DATA PROGRAMMABILITY

Say Hello to Data Programmability in Snowflake with Snowpark and Java UDFs 

At Snowflake Summit 2021, we announced that Snowpark and Java user-defined functions (UDFs) were starting to roll out to customers. These features are now available in preview to all customers on AWS and represent a major advancement in data programmability, enabling you to more easily leverage Snowflake’s platform to do more for you.

  • Snowpark is a new developer experience Snowflake uses to bring deeply integrated, DataFrame-style programming to the languages developers like to use, starting with Scala. Snowpark is designed to make building complex data pipelines a breeze and to allow developers to interact with Snowflake directly without moving data.
  • With Java UDFs, customers can run their Java code right inside of Snowflake for better performance, greatly expanding the transformation capabilities and reducing the management complexity of hosting external services.

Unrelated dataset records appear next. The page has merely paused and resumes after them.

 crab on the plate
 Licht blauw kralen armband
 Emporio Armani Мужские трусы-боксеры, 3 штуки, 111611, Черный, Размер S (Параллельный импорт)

Snowpark and Java UDFs open up the data programmability of Snowflake to non-SQL developers, so they can use their preferred languages and tooling and execute with Snowflake to get the benefits of the Data Cloud’s performance, ease of use, scalability, and much more. Try Snowpark and Java UDFs yourself with this step-by-step guide.

Extensibility with External Functions for Google Cloud API Gateway 

Modern analytical workloads often require complex transformations or augmentations that require using custom code or third-party services. However, using external services and libraries can often complicate data pipelines. To simplify using remote services, Snowflake created the External Functions feature, which enables users to invoke external APIs and custom code from within Snowflake and blend the results into their query results. External functions are now available for Google API Gateway, so they are now generally available for all three major cloud providers, including support for virtual private endpoints (VPCs) on AWS. Try external functions yourself by following this step-by-step guide.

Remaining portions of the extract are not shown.